Кранах внезапно понял, что от него одного зависит, вернется ли он живым из этой экспедиции на Кавказ. И он также понял, что это решается сейчас.
– Я хотел бы поделиться с вами одной мыслью… – сказал Юрген слегка изменившимся голосом (в голосе появилось что‑то детское, как будто заговорил глубокомысленный мальчуган), – помогите мне понять, есть ли в этой задумке нечто ценное, или же это – греза, wishful thinking, как говорят англичане. Речь также идет об акции символического порядка, которая должна иметь психологические последствия. Но задача, в данном случае, не в подъеме нашего духа, а в подтачивании психологического потенциала противника. Главной святыней Советского Союза – если речь идет о неодушевленных предметах – считается мумия Ленина. В мирное время многие жители СССР соглашались провести долгие часы в очереди, чтобы иметь возможность в течение секунд созерцать эту мумию.

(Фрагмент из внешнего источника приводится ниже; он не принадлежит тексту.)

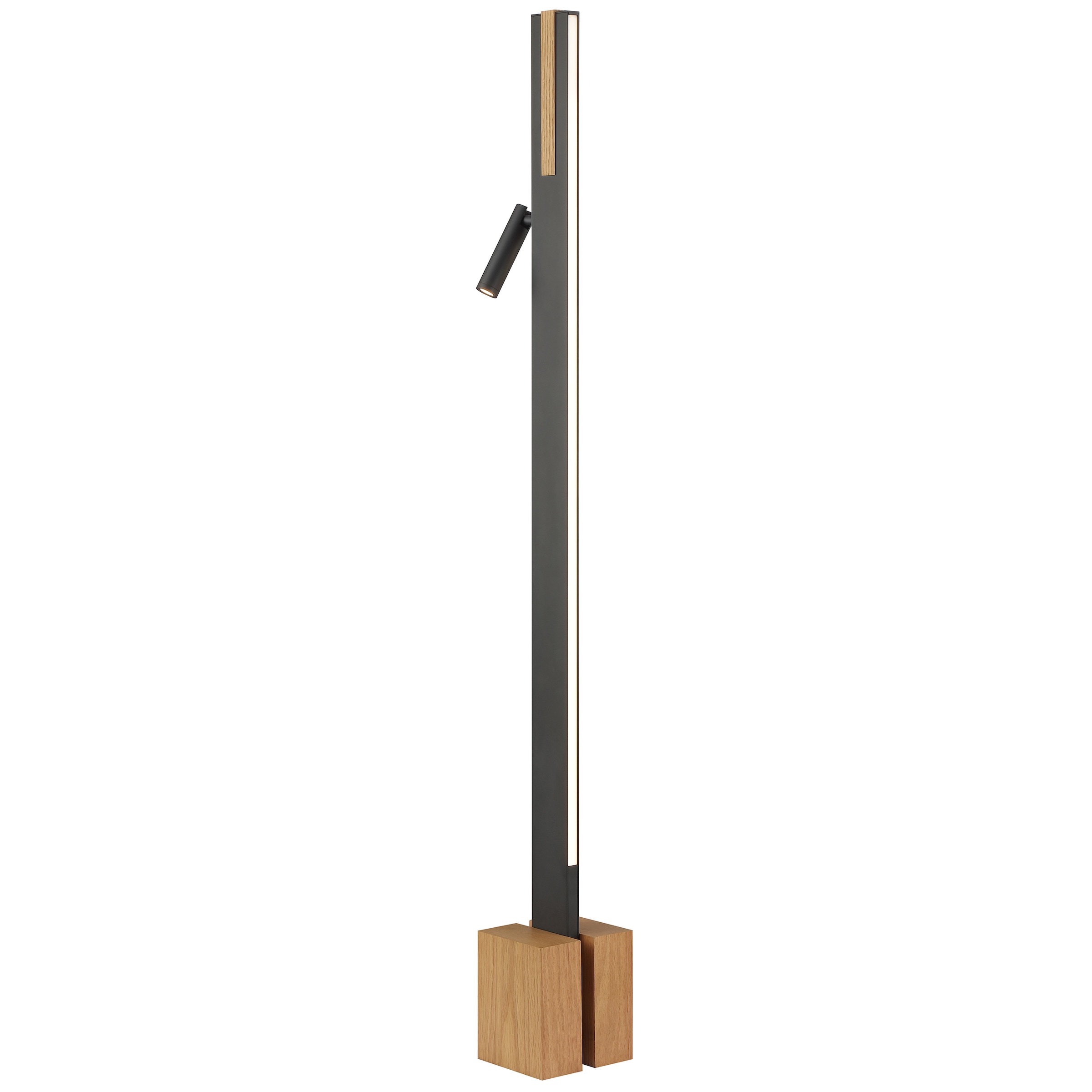 lumiCouture LED Stehlampe »Streamline« LED-Modul 1 Stk. Warmweiß 131 x 14 x 14 cm, 2300 lm 2700 K, Aluminium/Holz, schwarz/braun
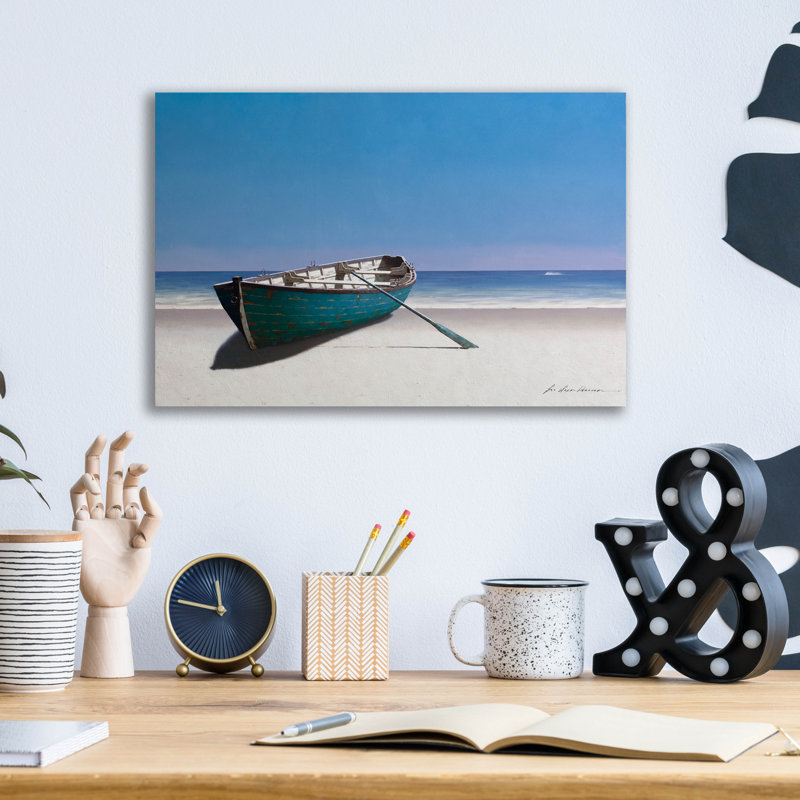 «Blue Boat» par Zhen-Huan Lu, art mural en verre acrylique, H 12 po x l 16 po x P 0,13 po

Они верят, что это дважды мертвое тело является для них источником жизненных сил – подобно нетленным мощам православных святых. Дважды мертвое тело, потому что мумия мертва дважды. В ней умерщвлена даже жизнь смерти, жизнь распада. В ней все остановлено. Но сама она, как ни странно, способна перемещаться в пространстве. Сейчас, вследствие побед вермахта на Восточном фронте, мумия эвакуирована в глубины Сибири. Выкрасть ее пока что не представляется возможным. Однако мы могли бы подделать ее. Дело не очень сложное. Стоило бы, я полагаю, распространить среди русских слух, что мумия нами выкрадена. Дезинформацию можно бы подтвердить кино – и фотодокументами. Затем мы могли бы расчленить поддельную мумию – как некогда расчленили тело Осириса. Возможны многоразличнейшие издевательские и деморализующие манипуляции с «номами». Так древние египтяне называли части расчлененного тела Осириса. Не буду сейчас вдаваться в детали. Эта идея – всего лишь пробный набросок. Черновик. Дело привлекает простотой исполнения. Но… Не пустые ли мечтания?
Шеф с задумчивым видом сомкнул кончики пальцев, образовав из рук подобие домика с недостроенной крышей.
– Что ж, интересная мысль. Она неожиданна, – произнес он после небольшой паузы. – Я подумаю об этом. В нашем деле, как ни в каком другом, самые странные фантазии могут обернуться небесполезной реальностью.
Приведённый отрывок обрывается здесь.